One of the objectives in optimization is to understand and manage the uncertainties throughout the remedial efforts in order to achieve the remedial goals with sufficient confidence. The general topic of Attainment of Closure Goals is related to Quantifying Uncertainty (see General Topics, Table 2). More complex and advanced geospatial analyses can help quantify uncertainty. Analyzing the estimated uncertainties may help inform decisions regarding future sampling locations, areas requiring remediation, or attainment of closure goals. The analyses provide maps of uncertainty in the estimated/interpolated values.
Understanding the Results: ▼Read more
Kriging, with cross-validation: After transforming or detrending the data, or both if necessary, fit the empirical variogram using several models. Select several neighborhoods. Perform cross-validation in order to evaluate the accuracy of the alternative models and neighborhoods. Then use the cross-validation to compare the accuracy of each model (and neighborhood) in order to choose the most suitable one. Through the analysis of the error terms, the most suitable model (the most accurate) and neighborhood are chosen for further estimates. The more accurate the model, the more likely it is that the kriging results are representative of the variable of interest.

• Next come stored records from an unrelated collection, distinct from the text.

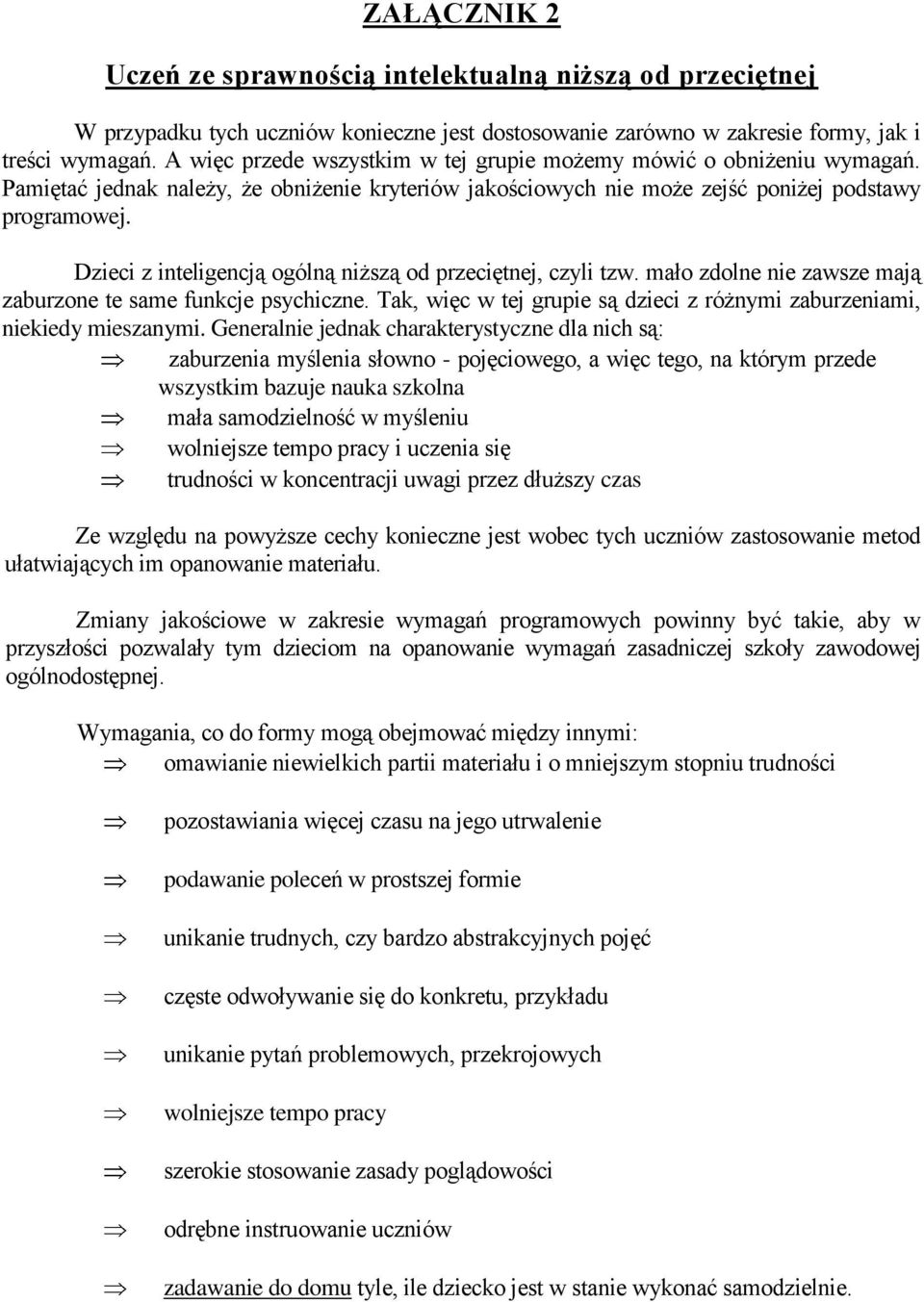 Dzieci z inteligencją ogólną niższą od przeciętnej, czyli tzw. mało zdolne nie zawsze mają zaburzone te same funkcje psychiczne.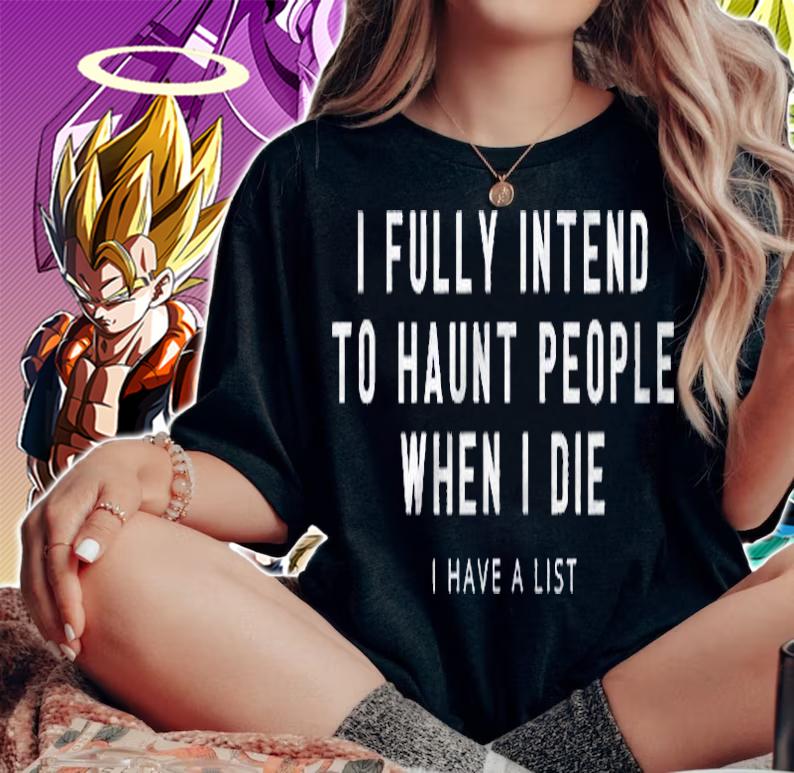 I Fully Intend To Haunt People When I Die Funny Halloween Shirt woman shirt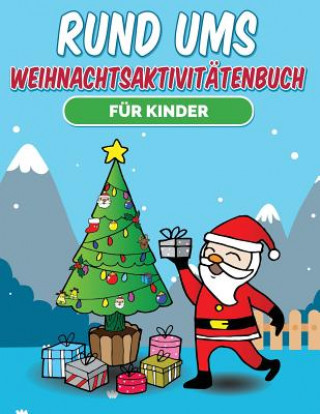 Könyv Rund ums Weihnachtsaktivitatenbuch fur Kinder Color Easy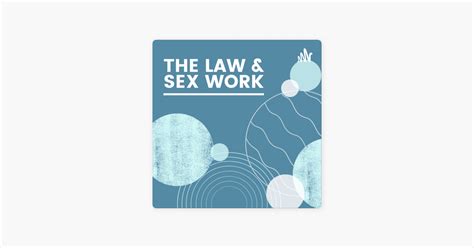 The Law And Sex Work“ Auf Apple Podcasts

Contour kriging variance: The precision of the predictions generated from kriging can be measured using the prediction standard error or variance. By creating a map of the standard error or variance, the areas that may require additional sampling can be identified. To use this approach to evaluate potential additional sampling locations, first place a hypothetical sample in a zone of concern (high variance), assign it a random value of the variable of interest (for example, concentration), and then recalculate the map of variance from this new sample point to help determine whether the decrease in variance is significant.
Conditional simulation: Perform a Gaussian (normal distribution) transformation of the raw distribution. Fit a theoretical variogram, select a grid of prediction locations, and perform several simulations of concentrations (>100 for instance). Prepare maps of the probability of exceeding the remediation cleanup target concentrations. Estimate volumes of contamination for each simulation. The probability maps correspond to the risk of occurrence of contamination. Focus on blocks showing 30% to 60% probability of exceeding the threshold. In these blocks, the occurrence of contamination is not accurately estimated and represents the areas of uncertainty. The volume associated with these blocks can be estimated. Further investigations may be needed in these areas in order to improve the estimate of the risk of contamination and to minimize the uncertainty of the volume estimate.